One of the world's most popular fashion labels, Missoni, has a disturbing mystery on its hands. Italian fashion executive Vittorio Missoni and his wife have been missing since January 4. They were last seen boarding a small plane in Los Roques, a chain of islands off the coast of Venezuela (a country in Central America).
But there's been an exciting development in Missoni's disappearance. A bag that had been on that flight has been found on Curacao, a Caribbean island 124 miles away from Los Roques. What does that mean for the missing plane -- could the couple still be alive somewhere?

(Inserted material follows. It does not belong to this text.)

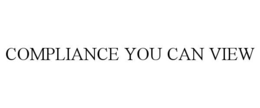 compliance you can view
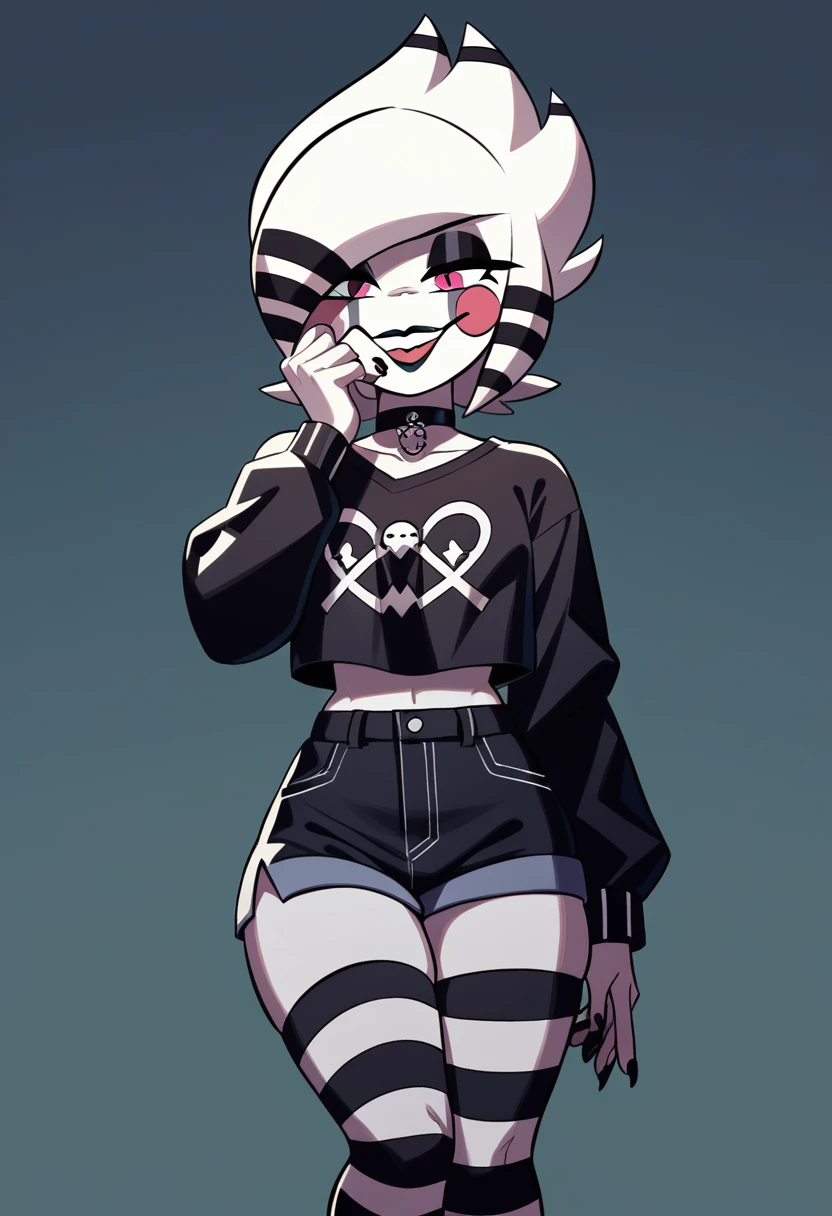 Marie fnia goth dressed in mayo cute photo 4k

Missoni's family doesn't dare get too optimistic about the found bag. A spokeswoman for the family says they are aware it's been found, but "they are not drawing any conclusion. This is simply another piece of an already complex puzzle." The bag actually belonged to a tourist, Giorgio Neri, who left Los Roques on the flight right after Missoni's. There wasn't enough space in cargo for Neri's bag, so it was placed on Missoni's plane.

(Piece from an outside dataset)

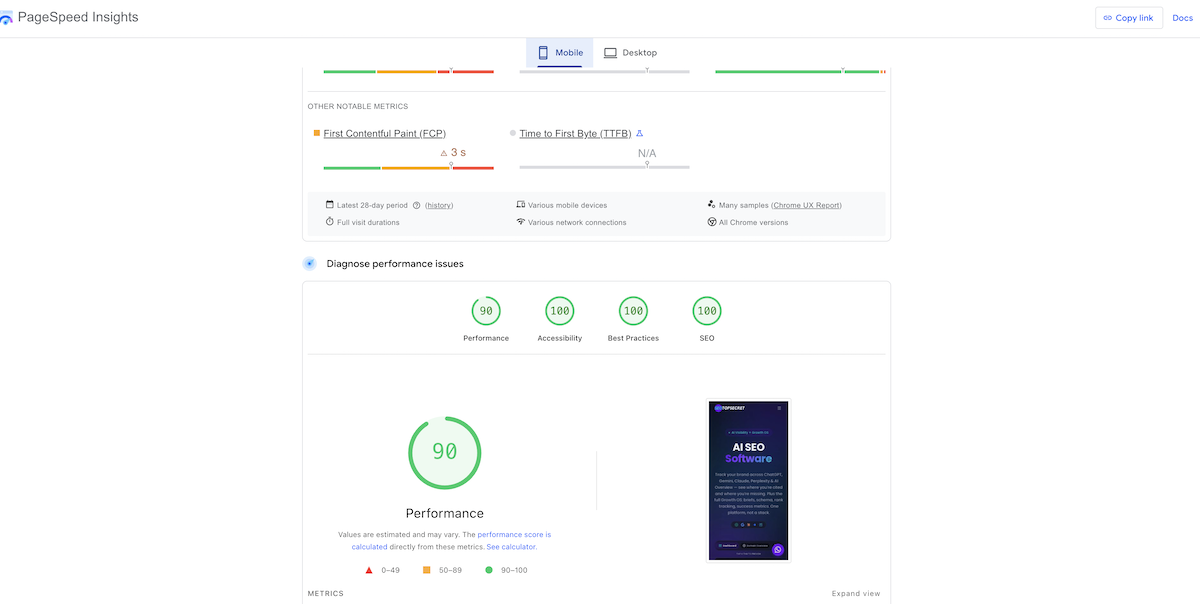 Page Speed Insights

A German tourist had found Neri's bag in Curacao and emailed him about it. Neri then alerted the Missoni family. The bag was found empty ... but where? If it was washed up on the beach, that would suggest the plane had crashed into the sea (the most likely scenario), and it would also give investigators a better idea of where to look. It sounds like the bag was carried by ocean currents. It wasn't found at a cafe or some place like that, 007-style.
It wasn't just Vittorio Missoni and his wife on that plane, either. There were two family friends and two crew members on that flight, too. Their children of the missing tweeted a heartbreaking plea for help over the weekend (via photo).

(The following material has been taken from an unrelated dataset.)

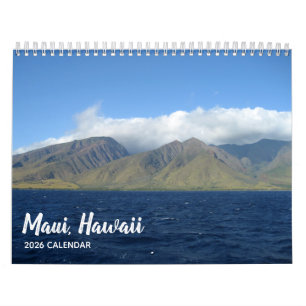 Maui Hawaii Benice Beach Photography 2026 Wall Kalender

It is now three weeks that we have no news about our parents Vittorio Missoni, Maurizia Castiglioni, Elda Scalvenzi, Guido Foresti and the two Venezuelan pilots Hernan Jose Machan and Juan Carlos Milano ... Each and everyday we keep on asking to ourselves if there might still be other useful information to aid the investigations. Whoever that day was on site, whether on land on ocean or flying, might have noticed something and thought it was of no interest but that could be relevant for us and for the investigations. Every single detail is essential.
Do you think the plane will be found, now that investigators know where at least one piece of cargo ended up?